5. Que o texto foi ainda lido por familiares e vizinhos do Assistente, sendo comentado no meio onde reside, em ..., dando azo a conversas e comentários, que foram do seu conhecimento reforçando ainda mais o sentimento de ofensa e desconsideração à sua honra que sentia;
6. Que o Assistente temeu que tal texto pudesse prejudicar e afetar a sua credibilidade e força nas negociações das várias convenções coletivas, negociadas pelo ... e várias associações patronais, prejudicando assim os interesses dos trabalhadores que naquelas representa;
7. Que durante dias o Assistente recebeu telefonemas e mensagens acerca do texto em causa e o dito texto foi lido e comentado por inúmeras pessoas, não só da esfera próxima do Assistente, como também por outros sócios do sindicato, e até comentado por trabalhadores do Sindicato;
8. Que o Arguido agiu de forma livre, deliberada e conscientemente, bem ciente de que, com a sua conduta, ofendia a honra e consideração do Assistente, e com isso violava a lei.
9. Que durante vários meses o Assistente foi muitas vezes questionado diretamente por colegas e chegou mesmo a cancelar a sua participação em eventos de caracter sindical.

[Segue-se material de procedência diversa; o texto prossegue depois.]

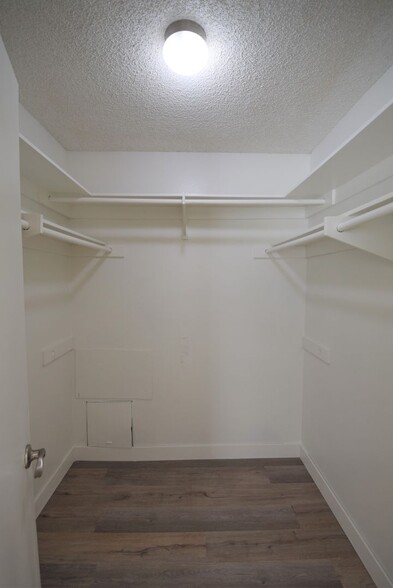 Building Photo - 6115 Whitsett Ave
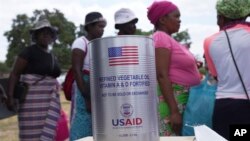 Ukudla okunikwa abalambayo.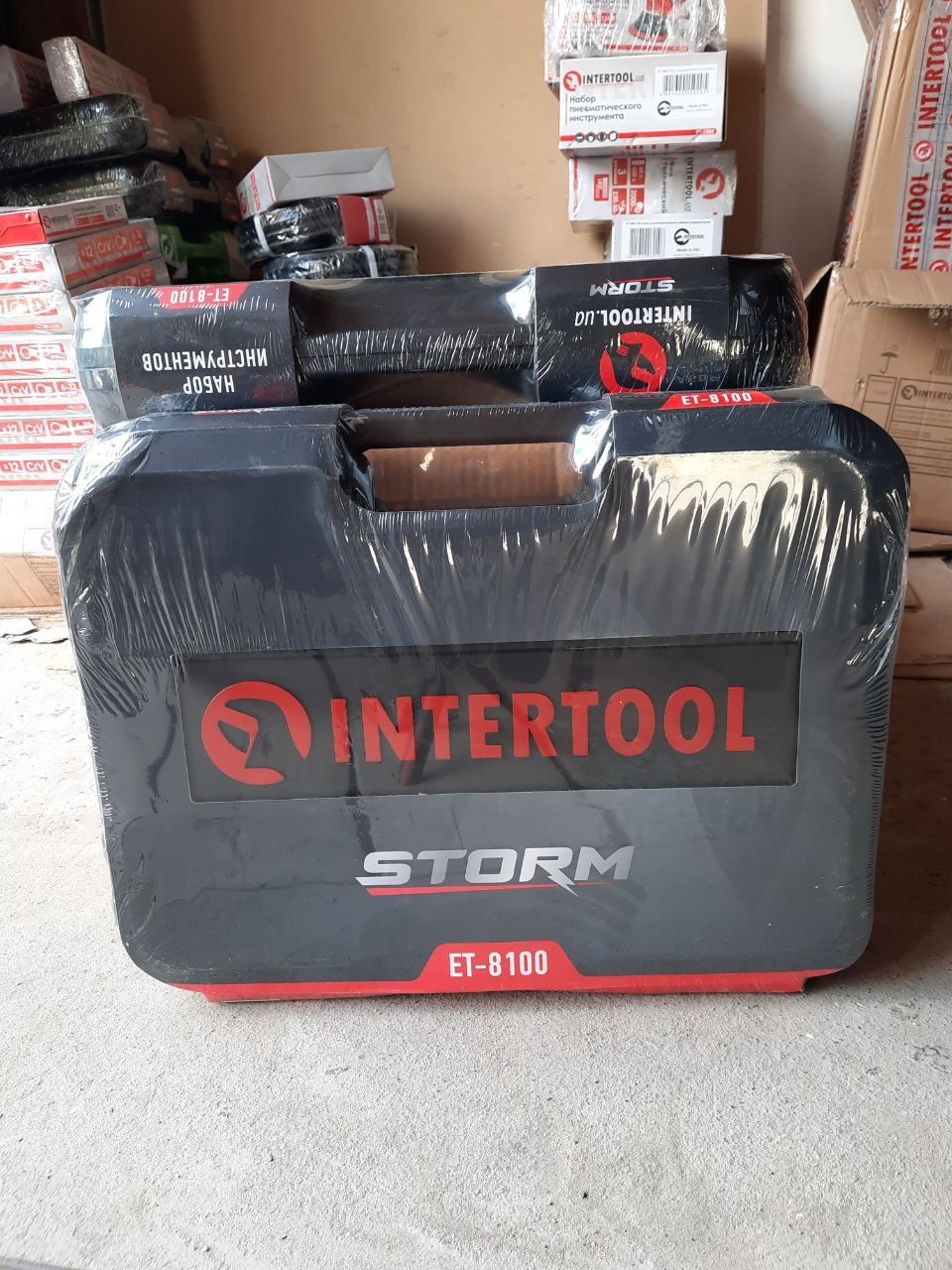 Набір  інструментів, головок 1/2", 1/4", 100од Cr-V  INTERTOOL ET-8100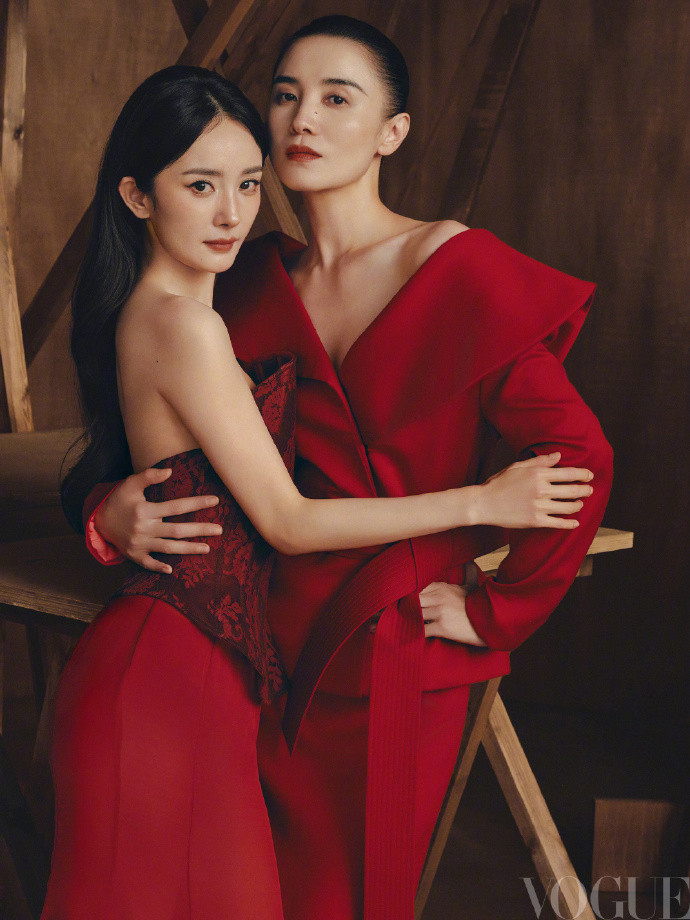 杨幂宋佳双人图张力谁懂……VOGUE金九单人封面​​​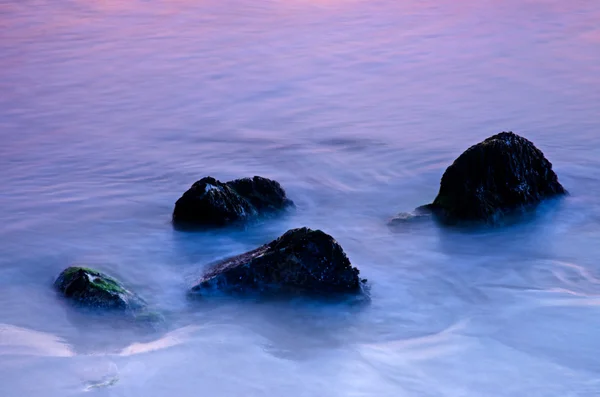 在海水中的石头 — 图库照片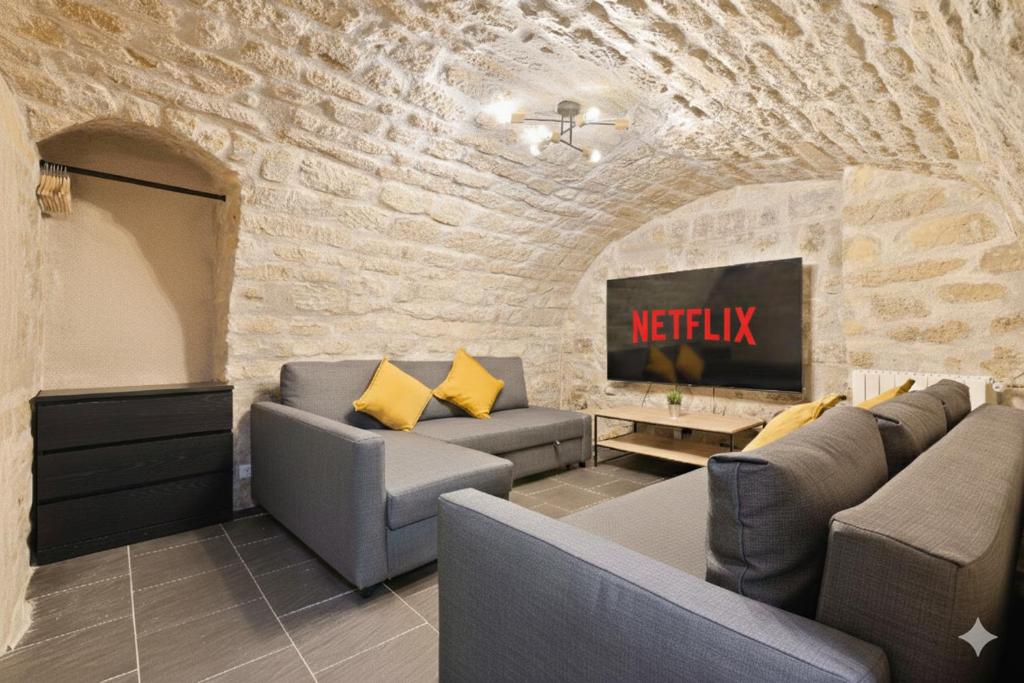 Splendid Apartment Quartier Palais Royal Free Netflix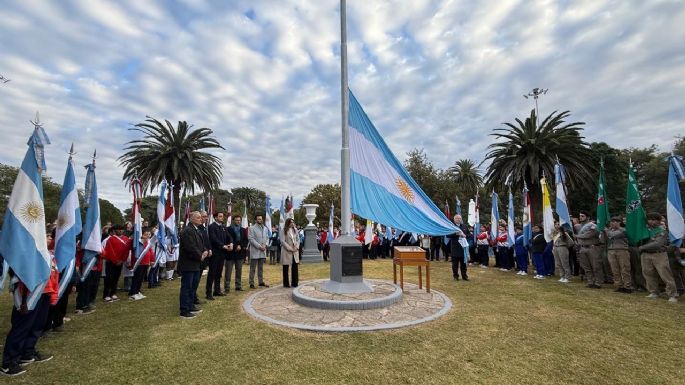 Accastello: “La Patria se construye con paz social”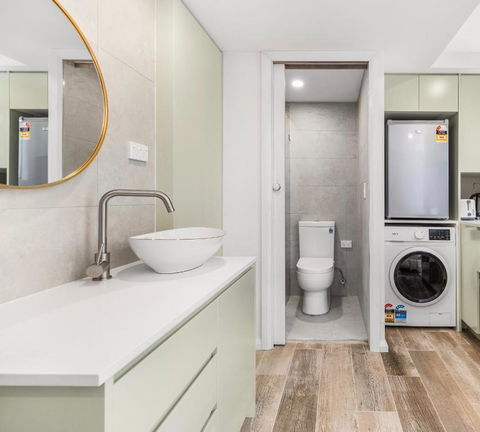 Modern Studio, Minutes To Ferry, City, CBD - Accommodation in Bendigo 3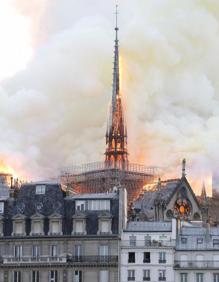 Imagen secundaria 2 - El fuego consume Notre Dame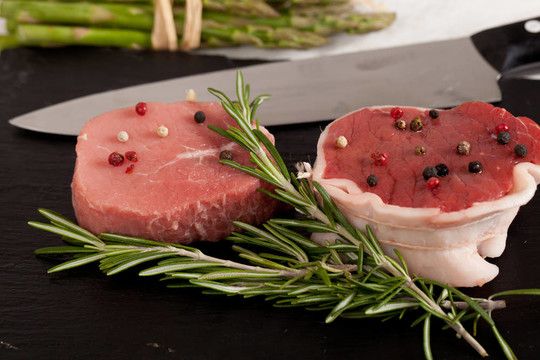 生牛肉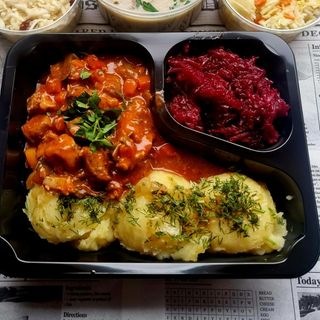 Gulasz Wieprzowy po Węgiersku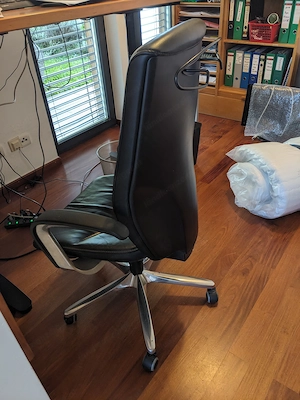 Chefsessel Leder mit Armlehnen  Bild 2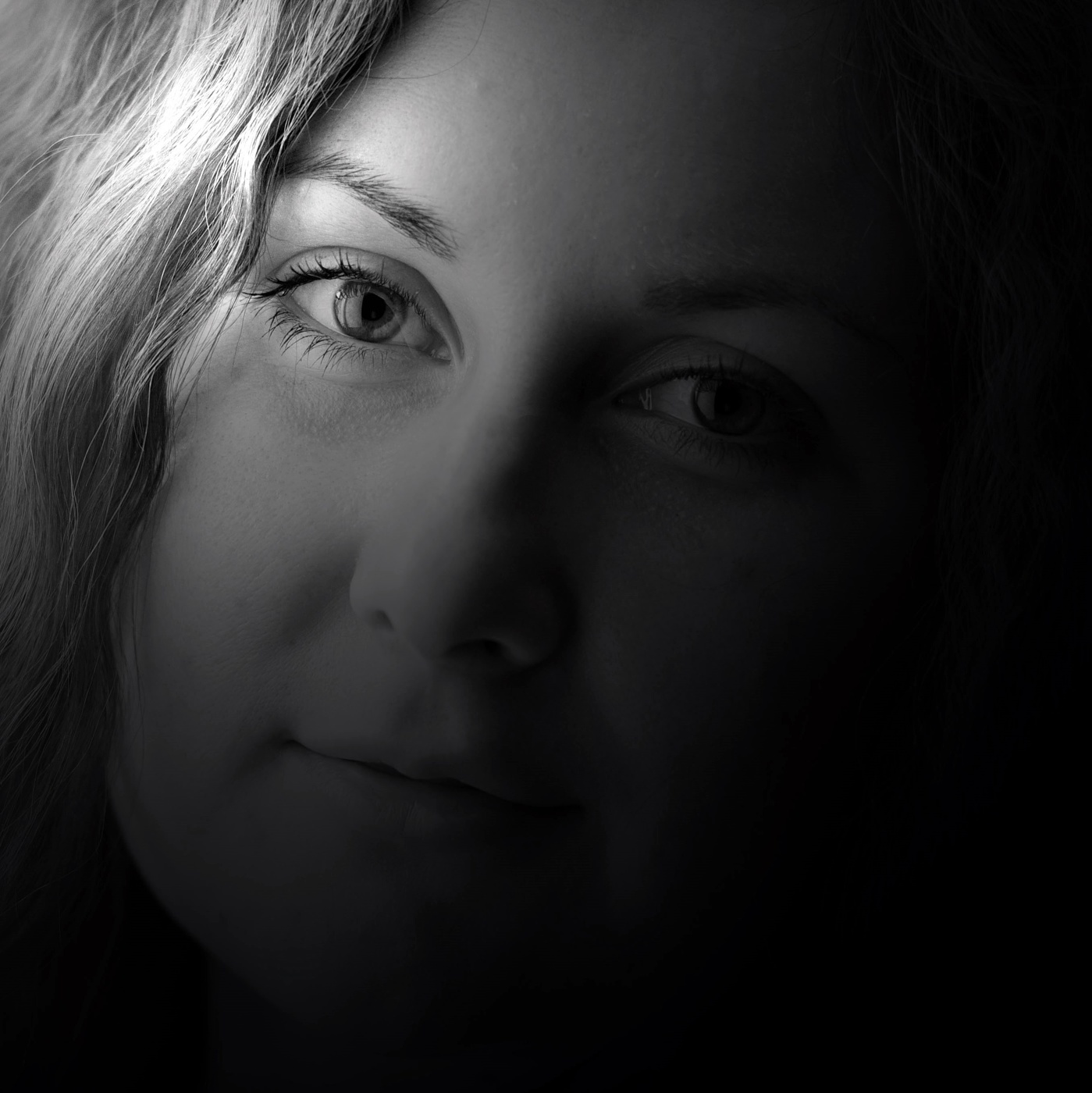 "Я и ты, нас только двое? О, какой самообман ..."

10. Que o Assistente sentiu angústia e mau estar ao ser confrontado pelos filhos, com acesso bastante amplo no que se refere às redes sociais, e outros familiares com os comentários no facebook;
11. Que o texto em causa divulgado nas redes sociais pelo Arguido, causou no Assistente forte ansiedade e angústia sempre que tinha um evento sindical com receio que lhe fossem falar do texto, ou que fizessem piadas, o que muitas vezes o privou de sono e pôs em causa a sua saúde, de tal forma que chegou a tomar medicação para a ansiedade e para dormir;
12. Que foram muitos os momentos de angústia vividos antes de reuniões importantes quer na A..., REN, Tabaqueira, Auto Europa, EPAL, em qualquer empresa na qual o ... tenha representação.”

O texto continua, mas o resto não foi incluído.